All pictures are to be dropped, and everything else in the data duplicated exactly.

■ **Collected material**:
+-------+

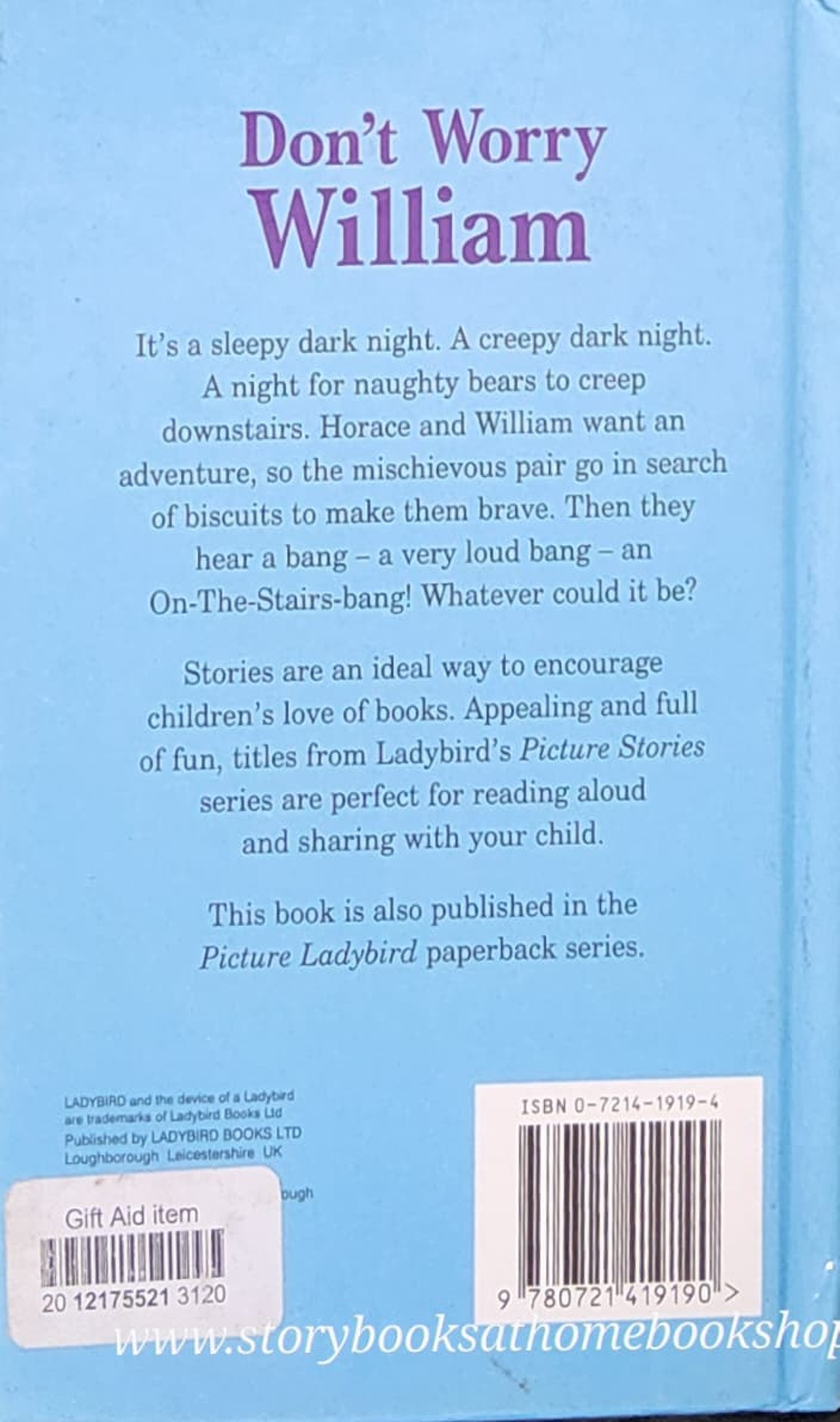 หนังสือนิทานปกแข็ง** 🍓🍓DON'T WORRY WILLIAM BY CHRISTINE MORTON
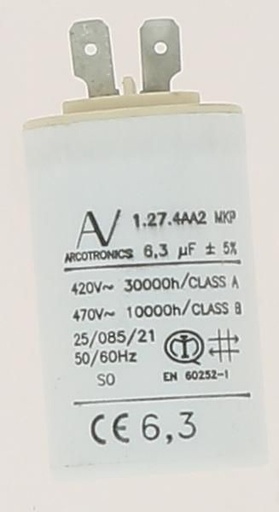 [87387029230] 87387029230 - BUDERUS O CONDENSATOR  6.3UF 470VAC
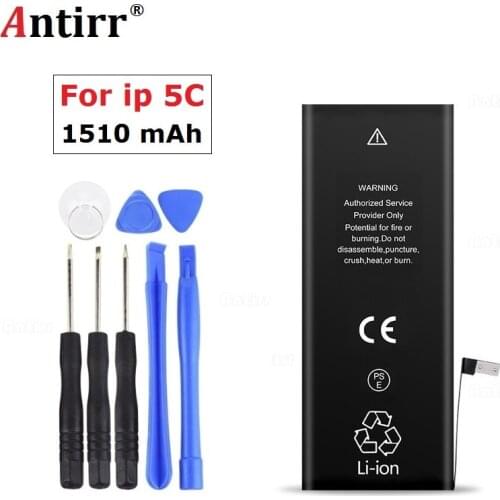 For iphone 5C battery 100% new 1510mah replacement battery for iphone 5C with repair tools kit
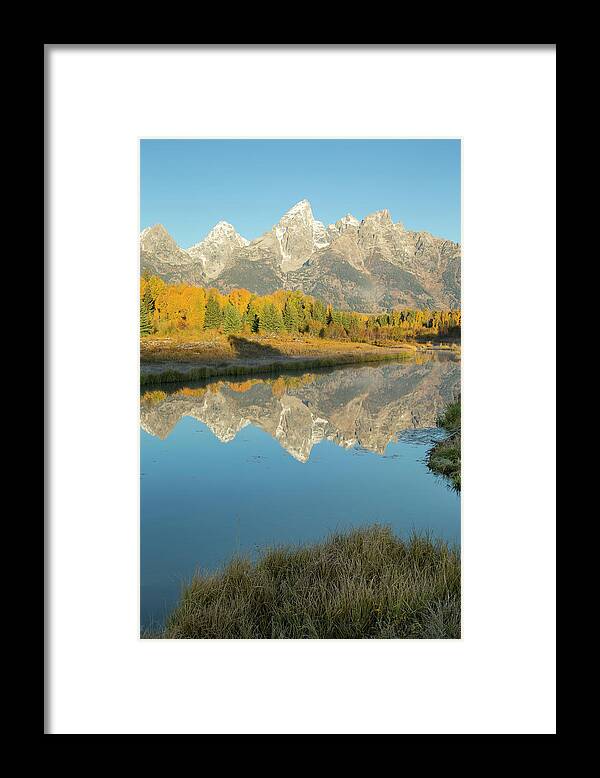 Grand Teton National Park Framed Print featuring the photograph Schwabacher Sunrise 2 by D Robert Franz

+-------+

■ **The completed task**:
 หนังสือนิทานปกแข็ง** 🍓🍓DON'T WORRY WILLIAM BY CHRISTINE MORTON
 [87387029230] 87387029230 - BUDERUS O CONDENSATOR  6.3UF 470VAC
 For iphone 5C battery 100% new 1510mah replacement battery for iphone 5C with repair tools kit
 Grand Teton National Park Framed Print featuring the photograph Schwabacher Sunrise 2 by D Robert Franz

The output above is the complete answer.